→ **What the exercise asks**
Only one stretch of the data should be retyped: the lines from the line containing "Emigrants Leaving Old" through the line containing "fekete polyrattan napozóágy". Keep pictures out of it.

→ **Records to use**
━━━━━━━━━━━━━━━━━━━━━━━━━━━━━━

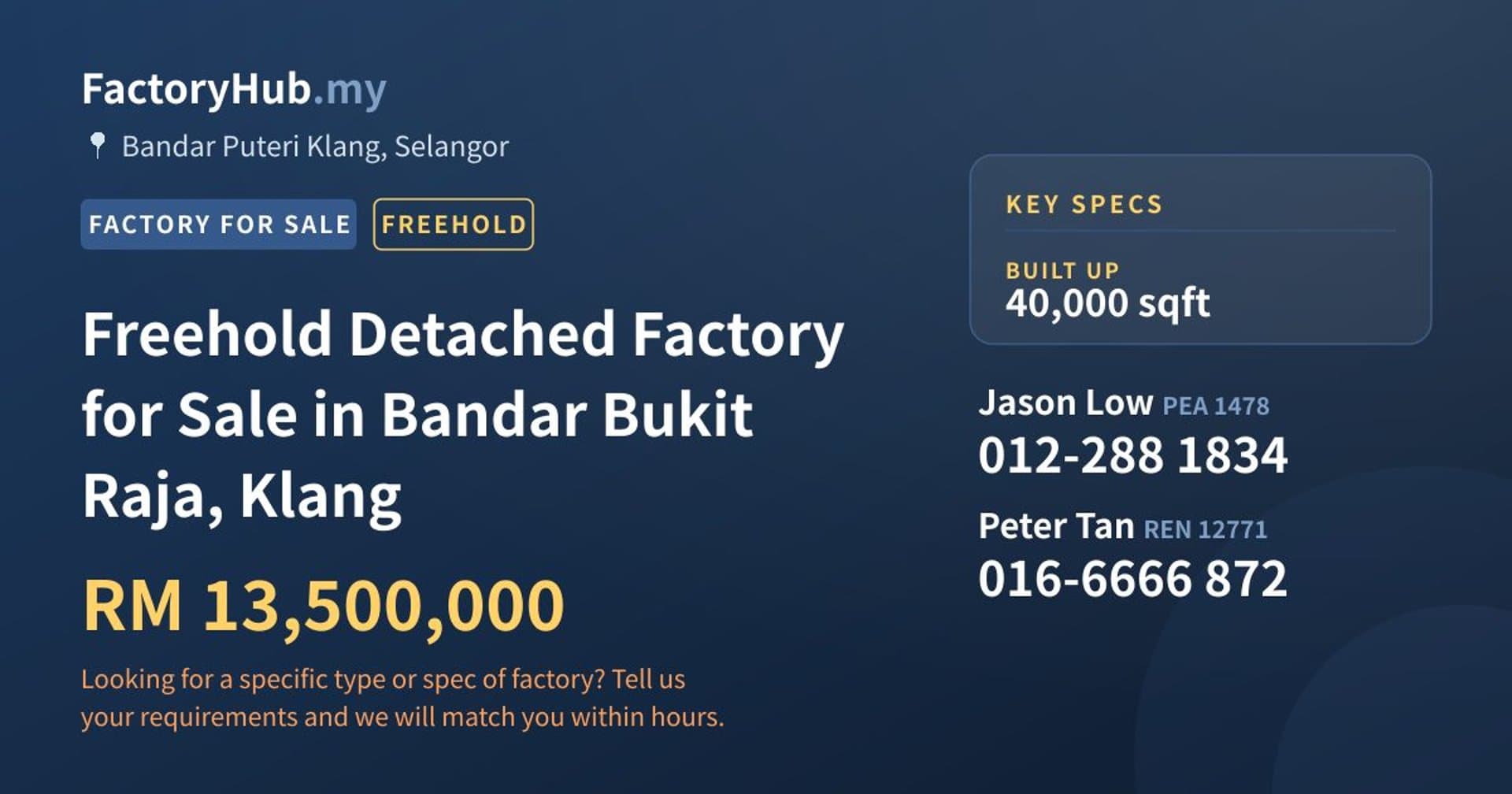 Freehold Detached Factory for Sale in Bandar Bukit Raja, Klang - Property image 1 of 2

━━━━━━━━━━━━━━━━━━━━━━━━━━━━━━

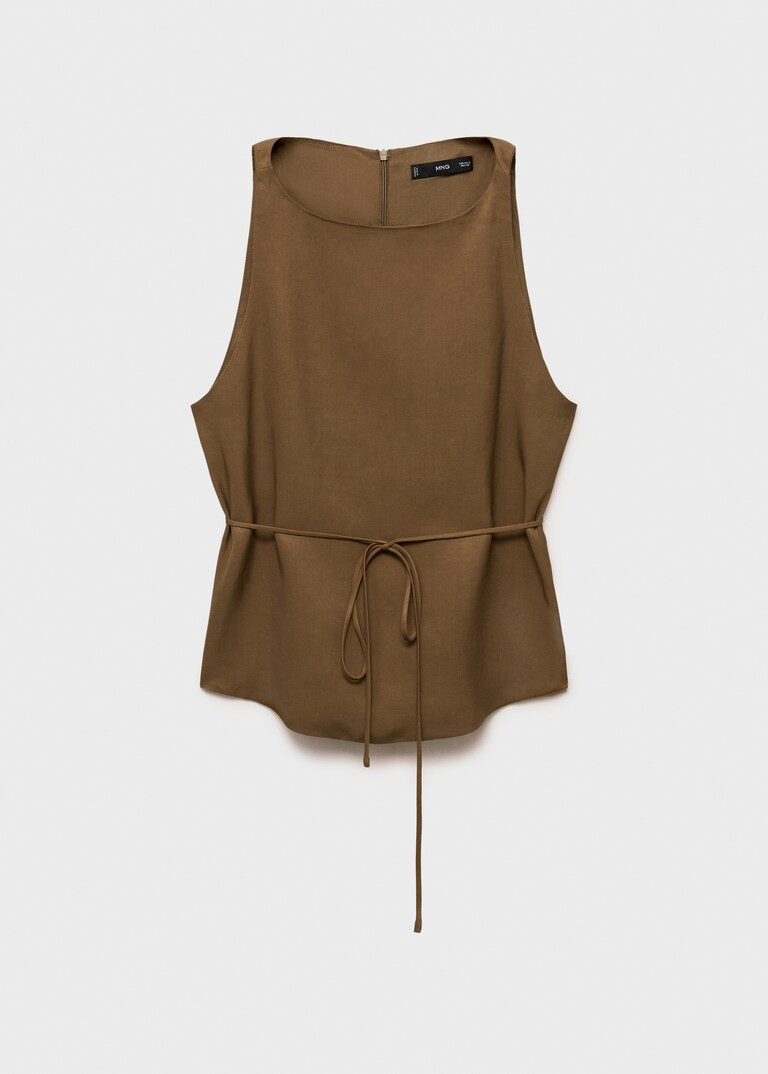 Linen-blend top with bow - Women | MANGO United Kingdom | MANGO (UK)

━━━━━━━━━━━━━━━━━━━━━━━━━━━━━━

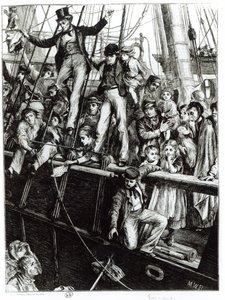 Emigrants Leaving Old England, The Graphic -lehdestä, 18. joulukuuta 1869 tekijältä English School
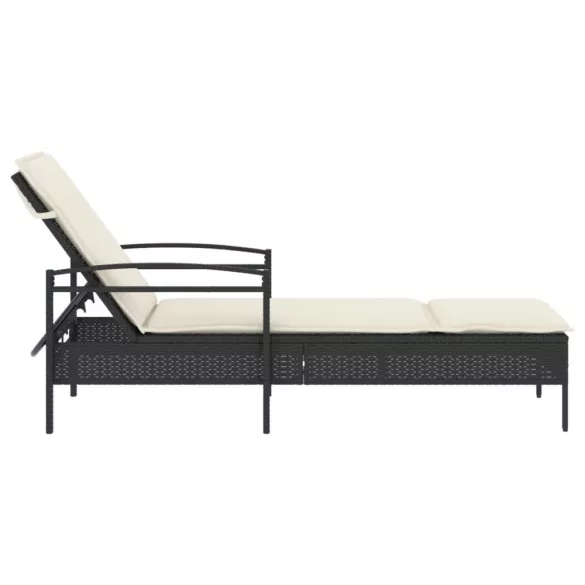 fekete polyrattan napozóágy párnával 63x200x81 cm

━━━━━━━━━━━━━━━━━━━━━━━━━━━━━━

→ **Task response**
 Emigrants Leaving Old England, The Graphic -lehdestä, 18. joulukuuta 1869 tekijältä English School
 fekete polyrattan napozóágy párnával 63x200x81 cm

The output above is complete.